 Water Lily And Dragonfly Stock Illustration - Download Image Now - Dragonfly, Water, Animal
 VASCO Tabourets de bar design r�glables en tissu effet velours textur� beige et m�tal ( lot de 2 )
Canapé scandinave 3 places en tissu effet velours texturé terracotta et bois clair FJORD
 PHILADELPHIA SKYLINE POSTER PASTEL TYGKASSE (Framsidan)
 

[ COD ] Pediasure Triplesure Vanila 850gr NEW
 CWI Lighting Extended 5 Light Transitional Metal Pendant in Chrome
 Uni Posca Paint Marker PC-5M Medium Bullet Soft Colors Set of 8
* * *
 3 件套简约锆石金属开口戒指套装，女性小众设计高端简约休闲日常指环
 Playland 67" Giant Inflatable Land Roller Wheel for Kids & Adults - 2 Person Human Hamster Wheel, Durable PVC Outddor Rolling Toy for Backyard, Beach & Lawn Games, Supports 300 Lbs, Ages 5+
---
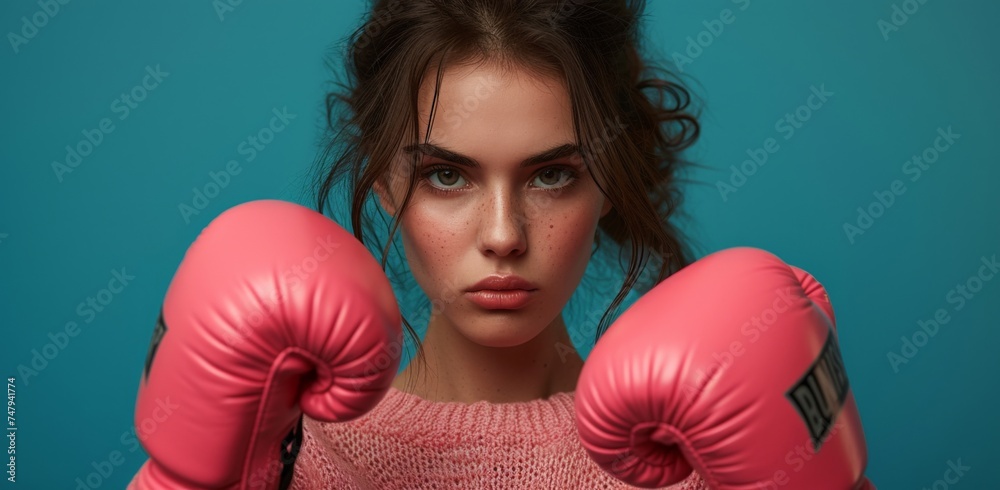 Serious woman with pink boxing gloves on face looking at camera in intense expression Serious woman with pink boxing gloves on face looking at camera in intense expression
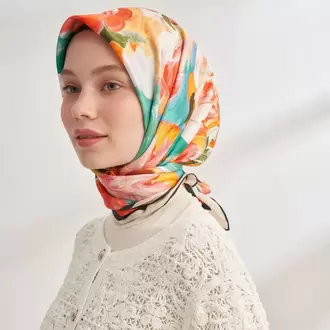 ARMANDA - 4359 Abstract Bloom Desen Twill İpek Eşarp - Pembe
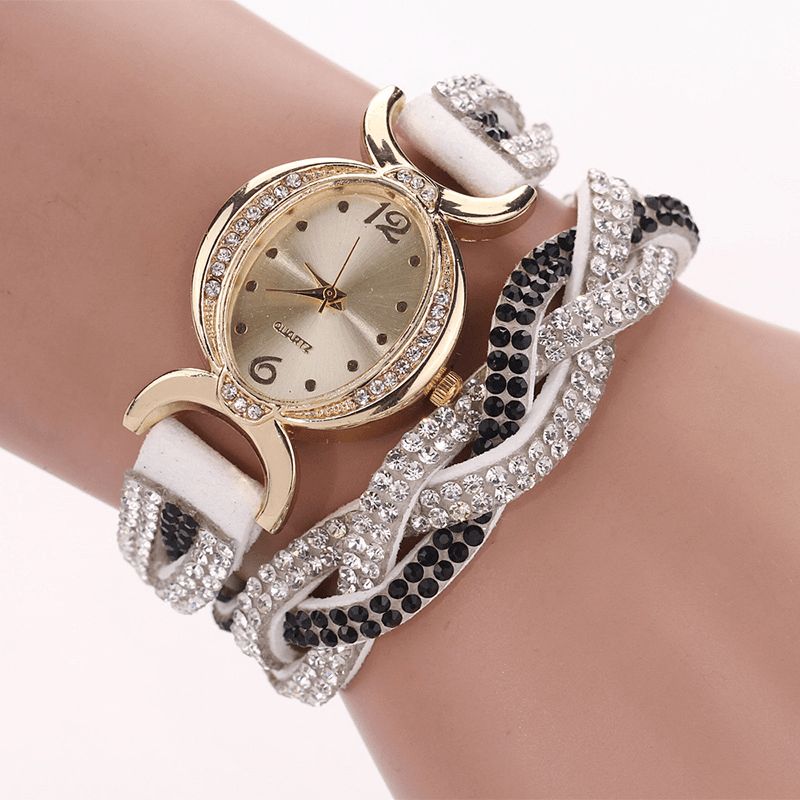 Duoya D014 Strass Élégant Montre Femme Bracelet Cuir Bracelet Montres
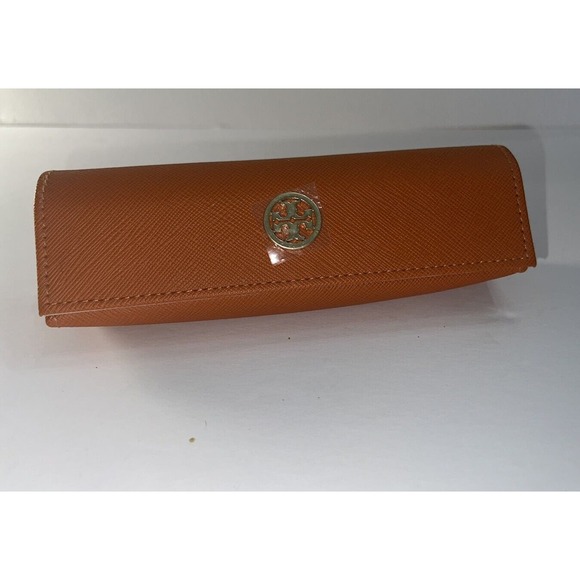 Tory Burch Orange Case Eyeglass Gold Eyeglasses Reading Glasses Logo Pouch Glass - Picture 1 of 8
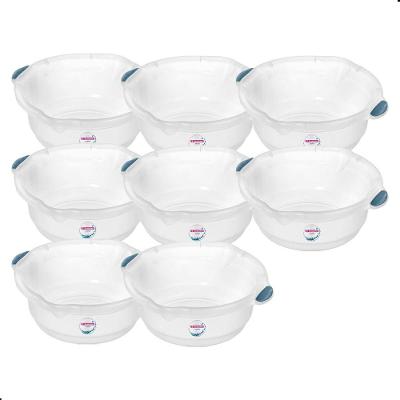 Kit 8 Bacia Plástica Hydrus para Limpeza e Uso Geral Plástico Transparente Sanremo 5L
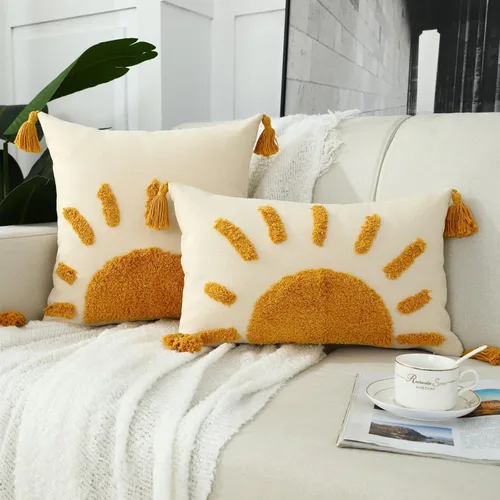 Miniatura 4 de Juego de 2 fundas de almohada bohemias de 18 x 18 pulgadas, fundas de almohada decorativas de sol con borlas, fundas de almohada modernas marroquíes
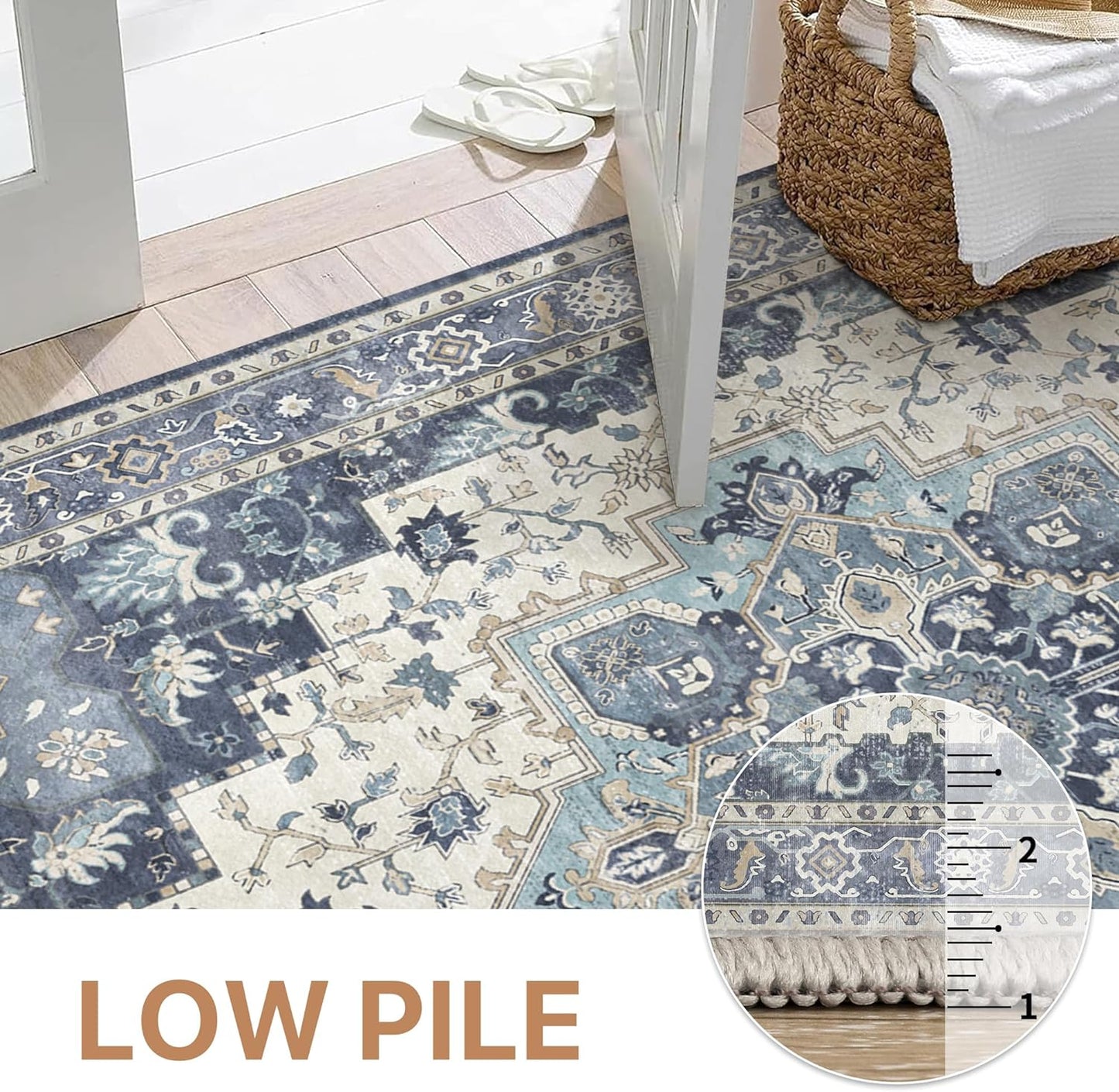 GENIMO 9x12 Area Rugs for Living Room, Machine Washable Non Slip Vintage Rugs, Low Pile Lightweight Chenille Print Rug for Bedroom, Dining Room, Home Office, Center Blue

» **The problem**: Set down again, word for word, the stretch of records from the line with "Canapé scandinave 3" to the line with "Uni Posca Paint", both of those lines included.

» **Solution to the exercise**:
Canapé scandinave 3 places en tissu effet velours texturé terracotta et bois clair FJORD
 PHILADELPHIA SKYLINE POSTER PASTEL TYGKASSE (Framsidan)
 

[ COD ] Pediasure Triplesure Vanila 850gr NEW
 CWI Lighting Extended 5 Light Transitional Metal Pendant in Chrome
 Uni Posca Paint Marker PC-5M Medium Bullet Soft Colors Set of 8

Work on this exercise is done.